How can I see the changes in a Git commit?
Solution 1:
To see the diff for a particular COMMIT
hash, where COMMIT
is the hash of the commit:
git diff COMMIT~ COMMIT
will show you the difference between that COMMIT
's ancestor and the COMMIT
. See the man pages for git diff for details about the command and gitrevisions about the ~
notation and its friends.
Alternatively, git show COMMIT
will do something very similar. (The commit's data, including its diff - but not for merge commits.) See the git show manpage.
(also git diff COMMIT
will show you the difference between that COMMIT
and the head.)
Solution 2:
As mentioned in "Shorthand for diff of git commit with its parent?", you can also use git diff
with:
git diff COMMIT^!
or
git diff-tree -p COMMIT
With git show, you would need (in order to focus on diff alone) to do:
git show --color --pretty=format:%b COMMIT
The COMMIT
parameter is a commit-ish:
A commit object or an object that can be recursively dereferenced to a commit object.

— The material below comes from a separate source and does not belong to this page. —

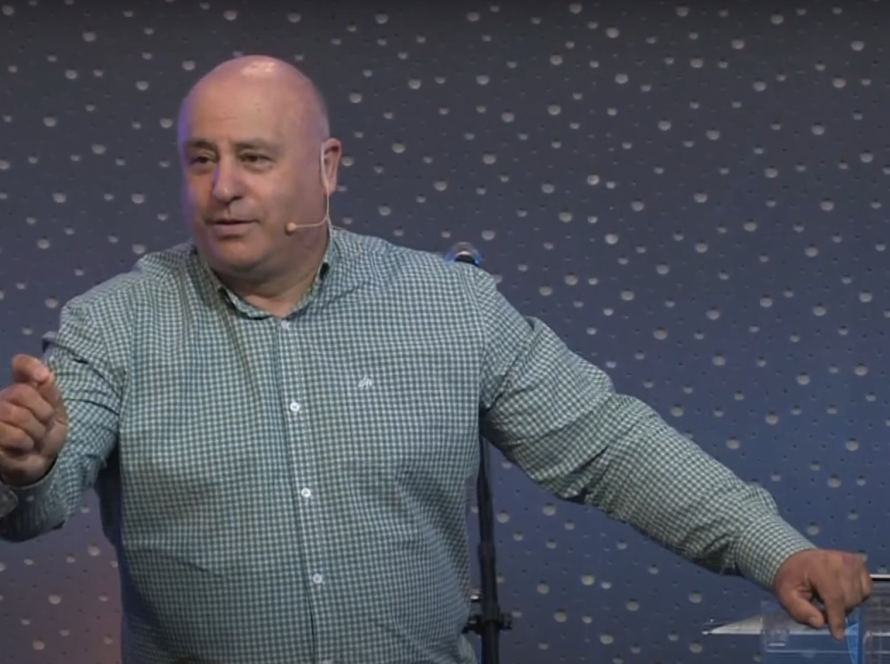 Semrertgdfgdfg Titulo e1722523538634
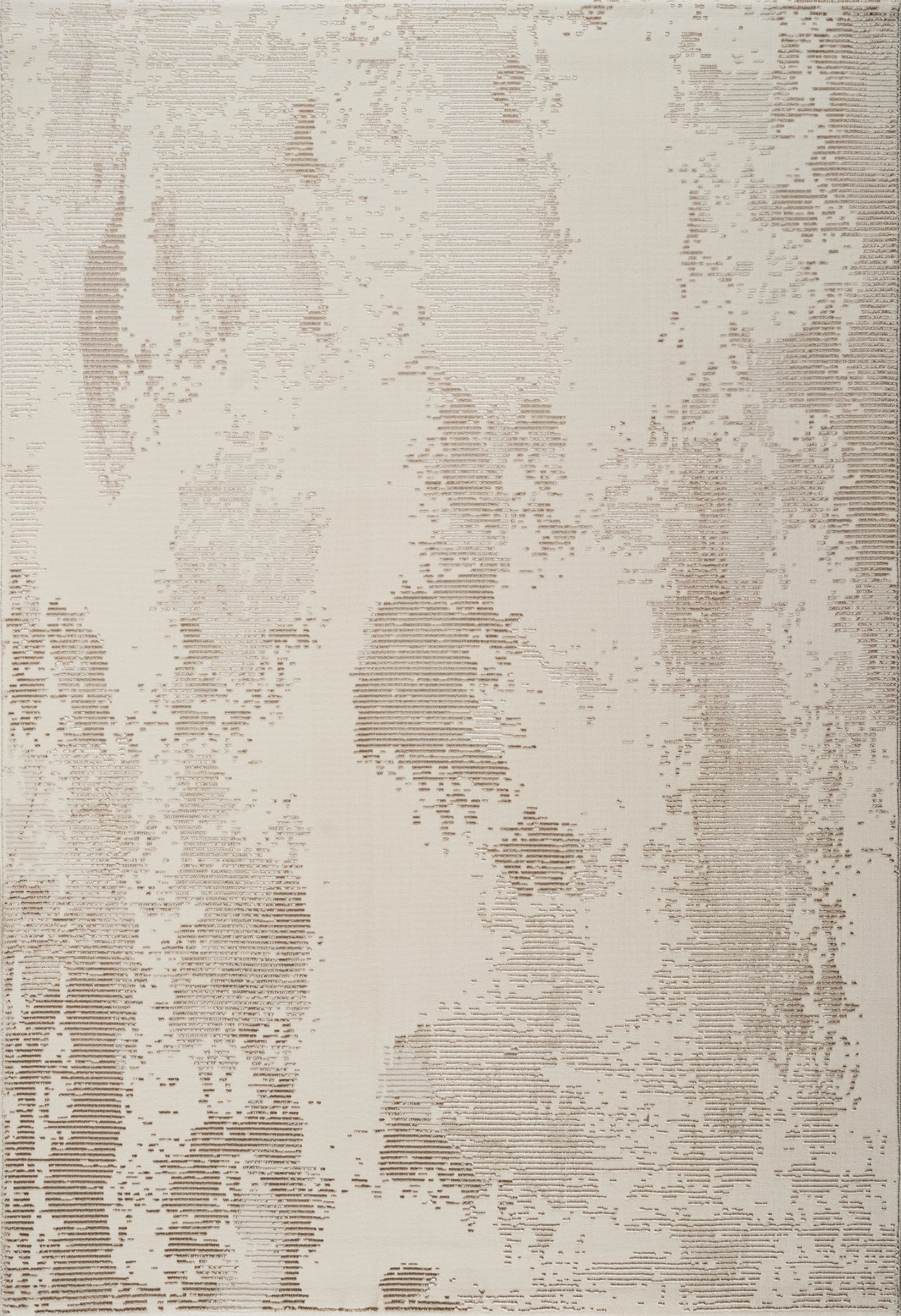 PALACE CLASSIC MATTA, 200 BEIGE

The following are all commit-ishes: a commit object, a tag object that points to a commit object, a tag object that points to a tag object that points to a commit object, etc.
See gitrevision "SPECIFYING REVISIONS" to reference a commit-ish.
See also "What does tree-ish mean in Git?".
Solution 3:
You can also try this easy way:
git show <COMMIT>
Solution 4:
git show
shows the changes made in the most recent commit. It is equivalent to git show HEAD
.
git show HEAD~1
takes you back one commit.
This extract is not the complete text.